BEGIN LISTED RECORDS

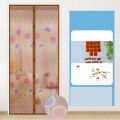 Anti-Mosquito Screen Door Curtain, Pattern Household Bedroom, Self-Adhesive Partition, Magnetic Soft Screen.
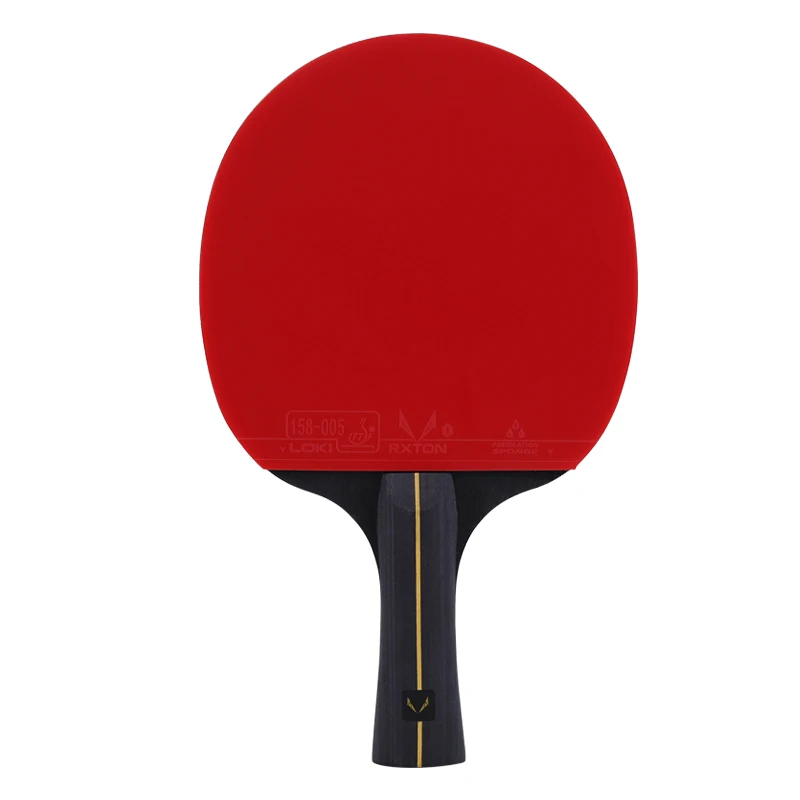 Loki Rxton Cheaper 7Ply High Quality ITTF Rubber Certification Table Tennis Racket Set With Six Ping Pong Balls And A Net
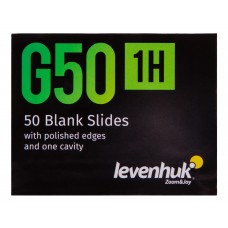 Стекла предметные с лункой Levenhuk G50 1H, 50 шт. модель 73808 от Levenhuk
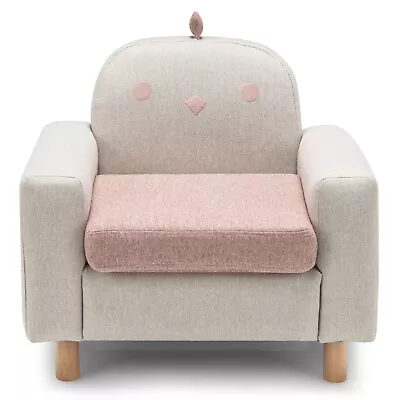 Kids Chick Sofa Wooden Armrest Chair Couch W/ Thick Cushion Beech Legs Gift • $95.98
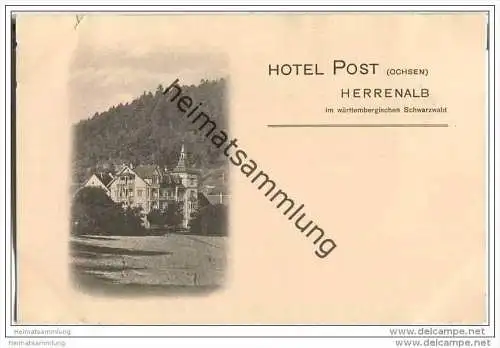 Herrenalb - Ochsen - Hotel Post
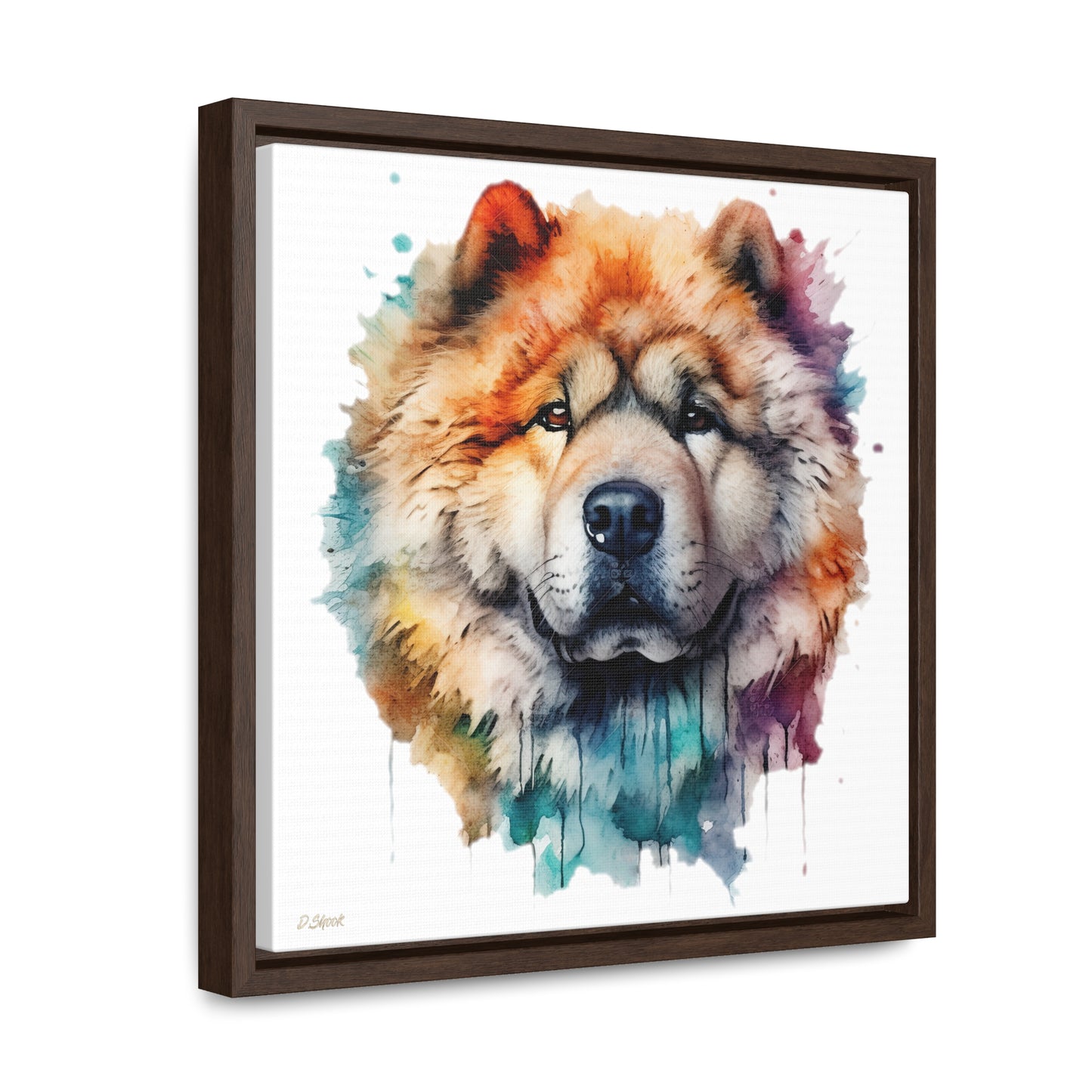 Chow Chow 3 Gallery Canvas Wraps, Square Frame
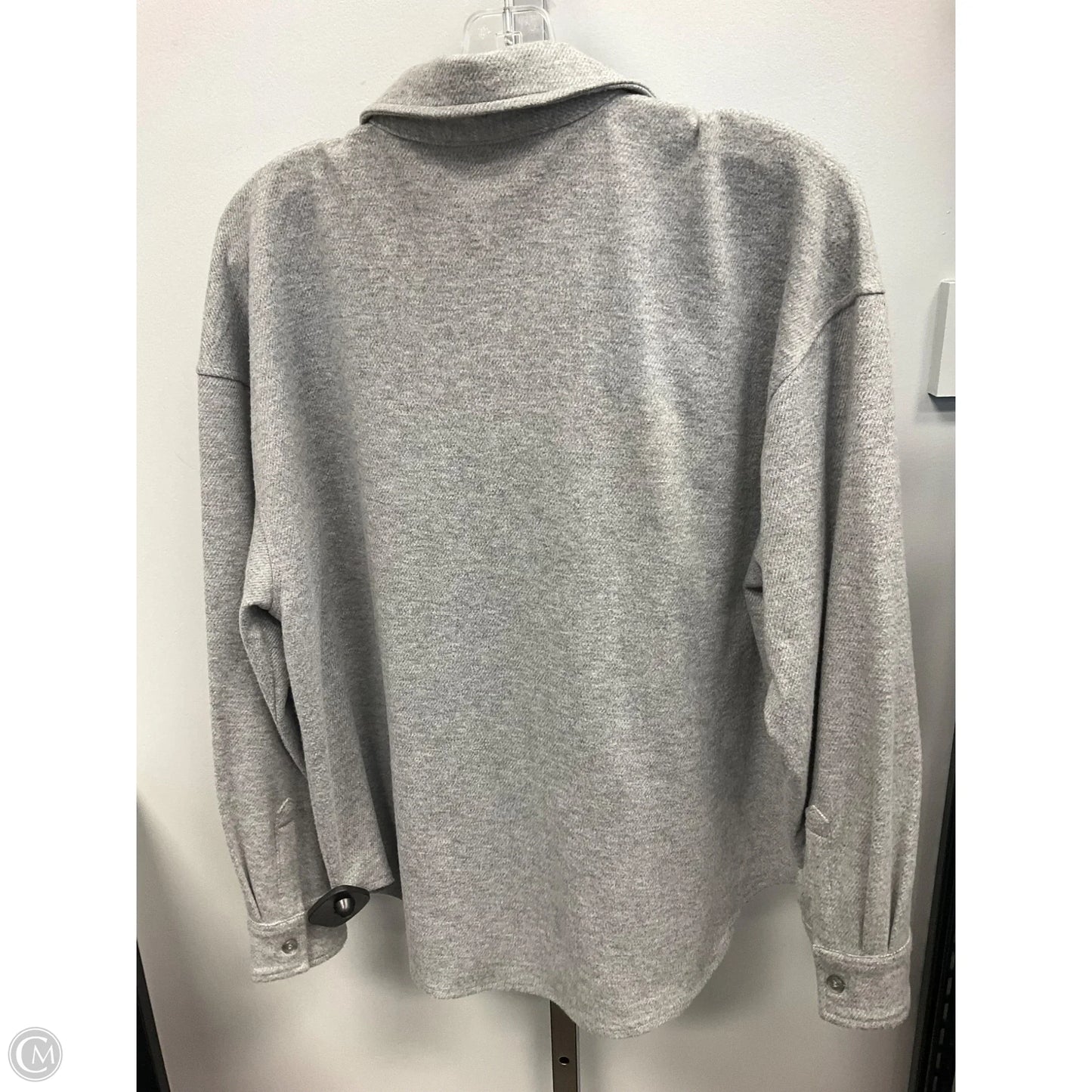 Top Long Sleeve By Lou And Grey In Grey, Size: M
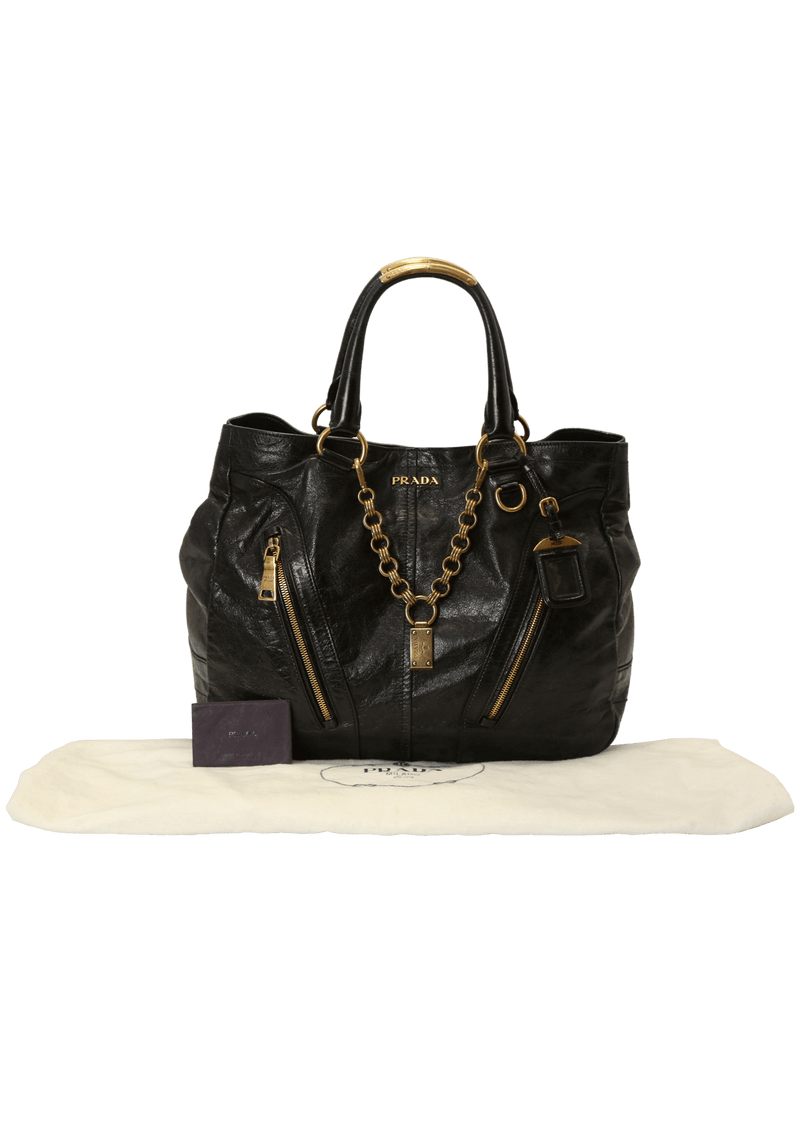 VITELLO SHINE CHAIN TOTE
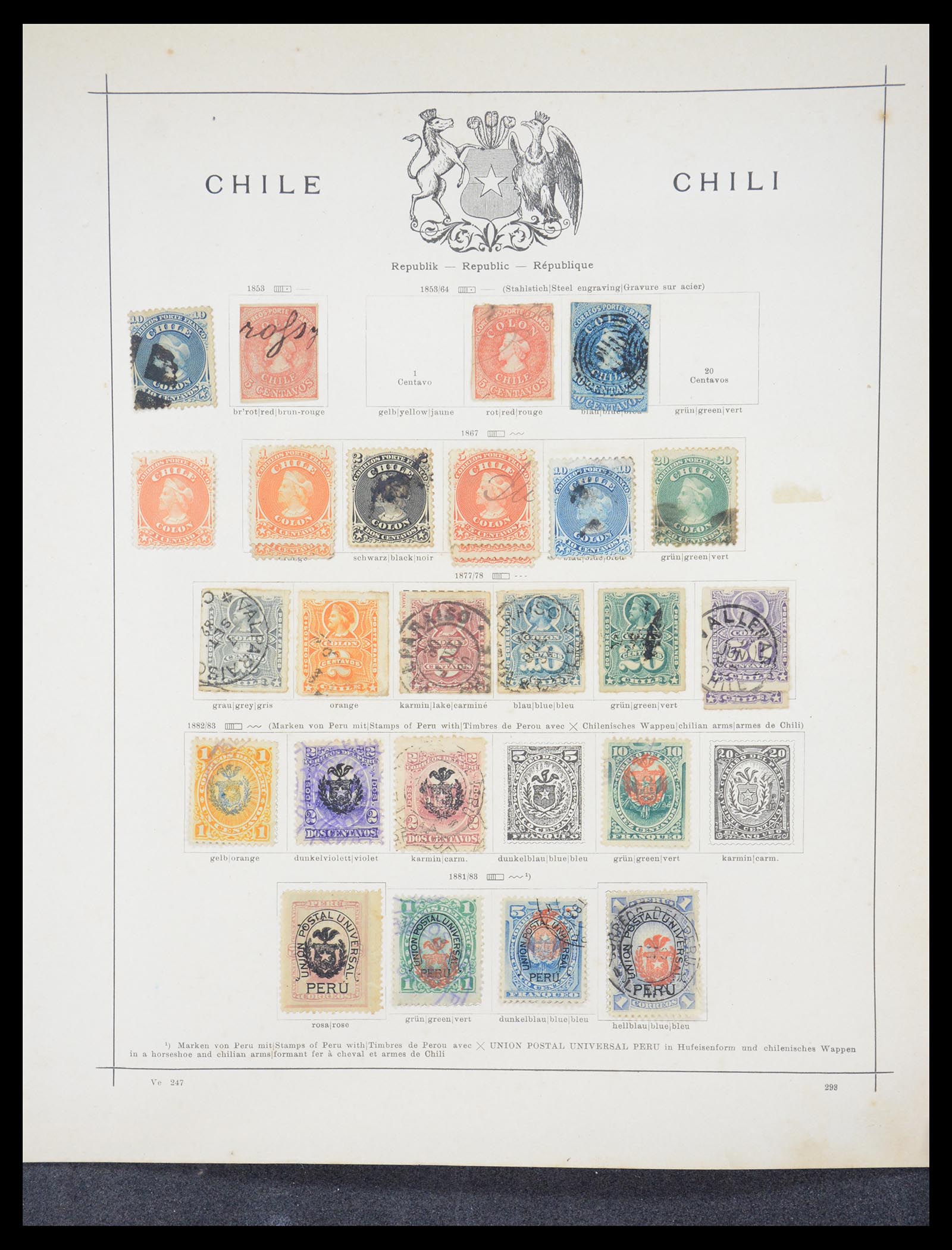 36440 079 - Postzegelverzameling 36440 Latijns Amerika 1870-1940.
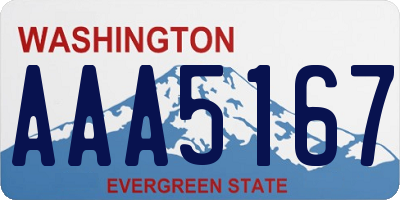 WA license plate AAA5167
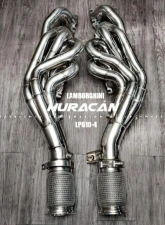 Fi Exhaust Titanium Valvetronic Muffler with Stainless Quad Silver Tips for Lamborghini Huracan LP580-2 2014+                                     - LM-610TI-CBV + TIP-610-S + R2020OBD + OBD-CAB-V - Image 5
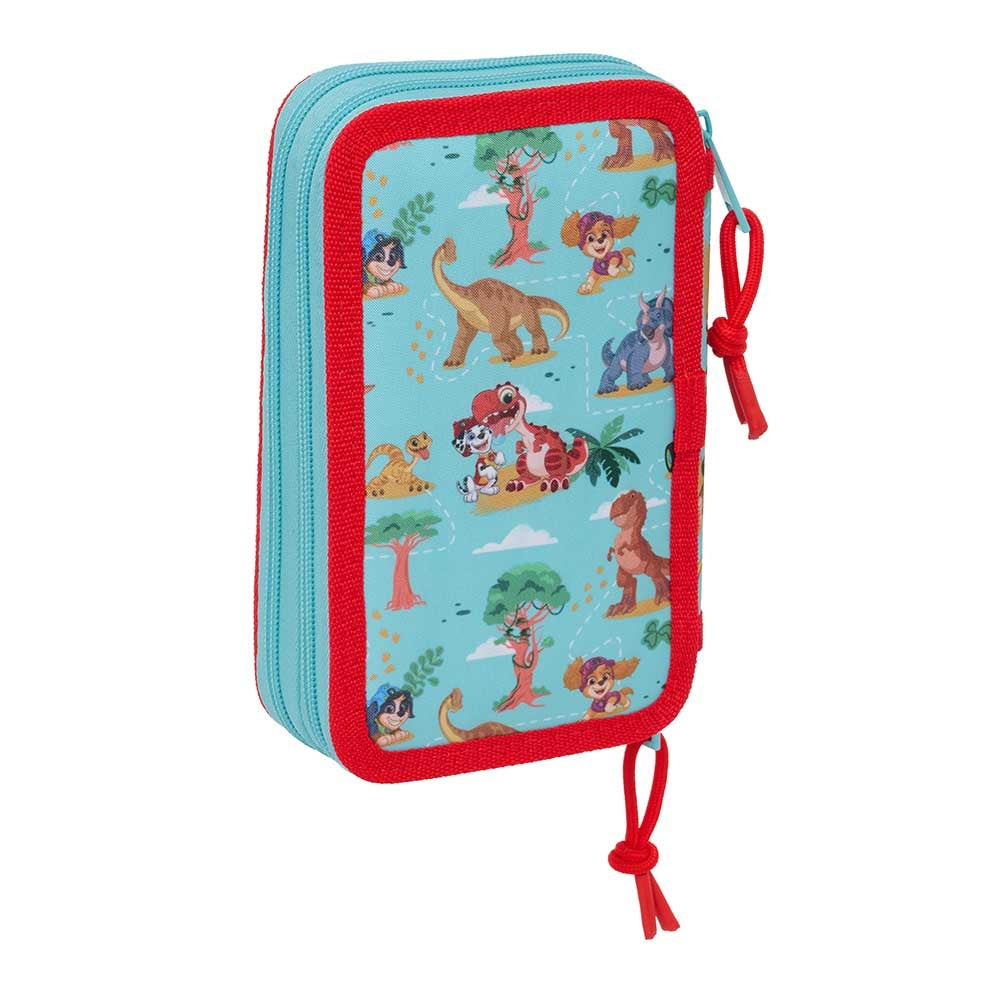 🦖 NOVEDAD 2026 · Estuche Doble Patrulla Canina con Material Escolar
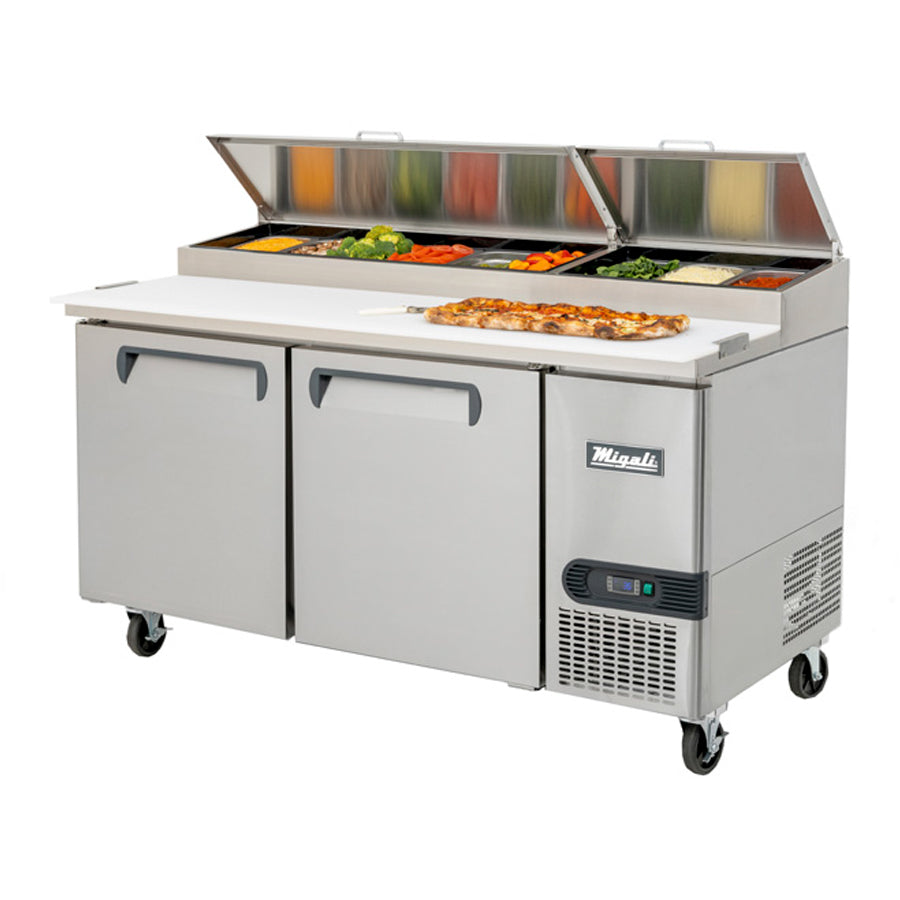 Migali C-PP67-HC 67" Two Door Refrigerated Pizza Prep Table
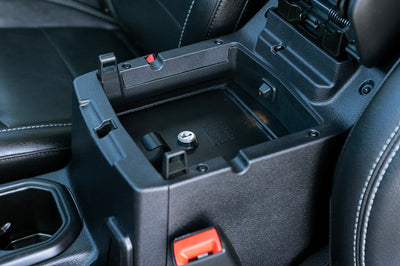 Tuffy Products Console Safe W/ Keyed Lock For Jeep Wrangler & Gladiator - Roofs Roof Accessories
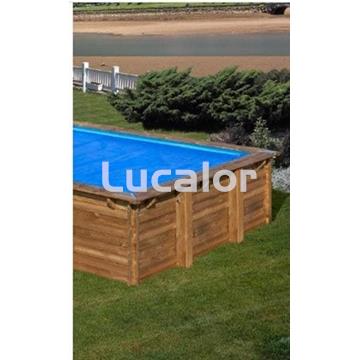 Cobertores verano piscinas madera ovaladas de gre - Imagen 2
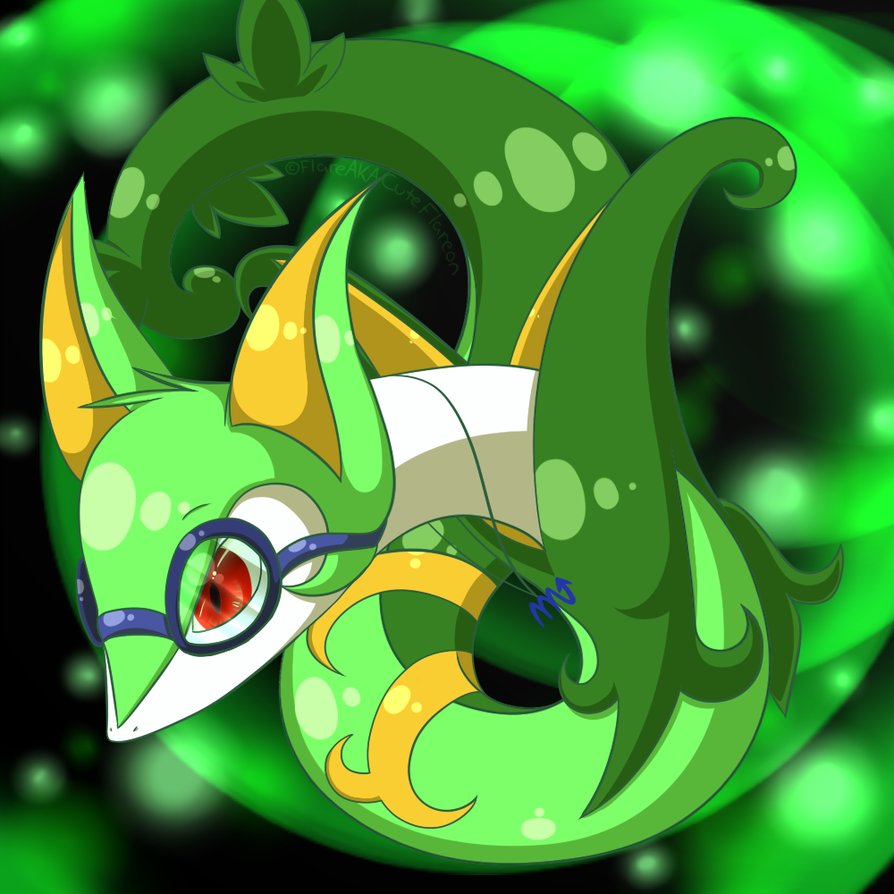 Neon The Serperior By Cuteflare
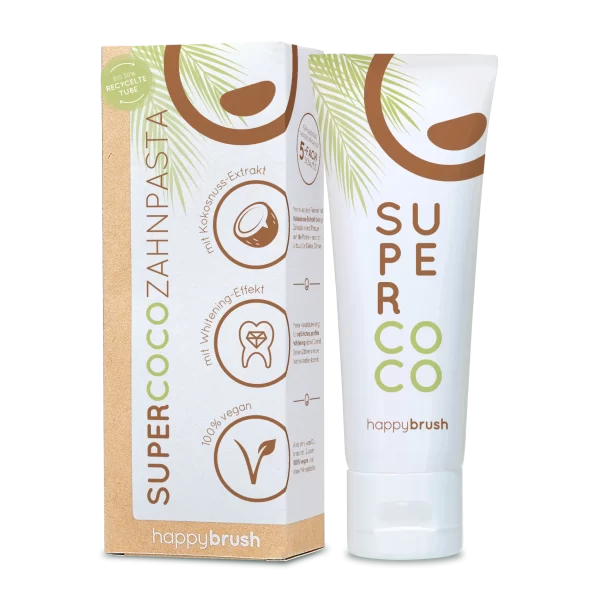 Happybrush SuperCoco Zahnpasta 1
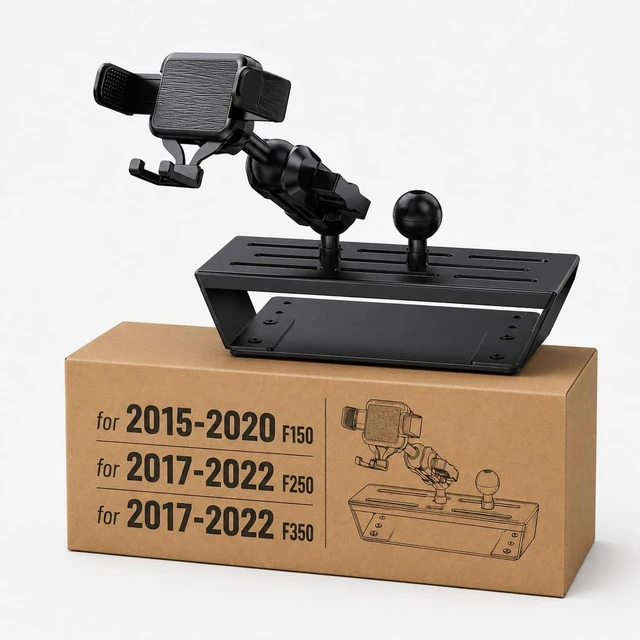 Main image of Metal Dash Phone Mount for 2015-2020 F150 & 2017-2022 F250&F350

END LISTED RECORDS

◆ EXERCISE DETAILS:
Precisely those lines above that run from the line with "Fi Exhaust Titanium" up to and including the line with "Cobertores verano piscinas" are to be set down, with the pictures omitted.

◆ EXERCISE RESPONSE:
 Fi Exhaust Titanium Valvetronic Muffler with Stainless Quad Silver Tips for Lamborghini Huracan LP580-2 2014+                                     - LM-610TI-CBV + TIP-610-S + R2020OBD + OBD-CAB-V - Image 5
 🦖 NOVEDAD 2026 · Estuche Doble Patrulla Canina con Material Escolar
 Migali C-PP67-HC 67" Two Door Refrigerated Pizza Prep Table
 Tuffy Products Console Safe W/ Keyed Lock For Jeep Wrangler & Gladiator - Roofs Roof Accessories
 Cobertores verano piscinas madera ovaladas de gre - Imagen 2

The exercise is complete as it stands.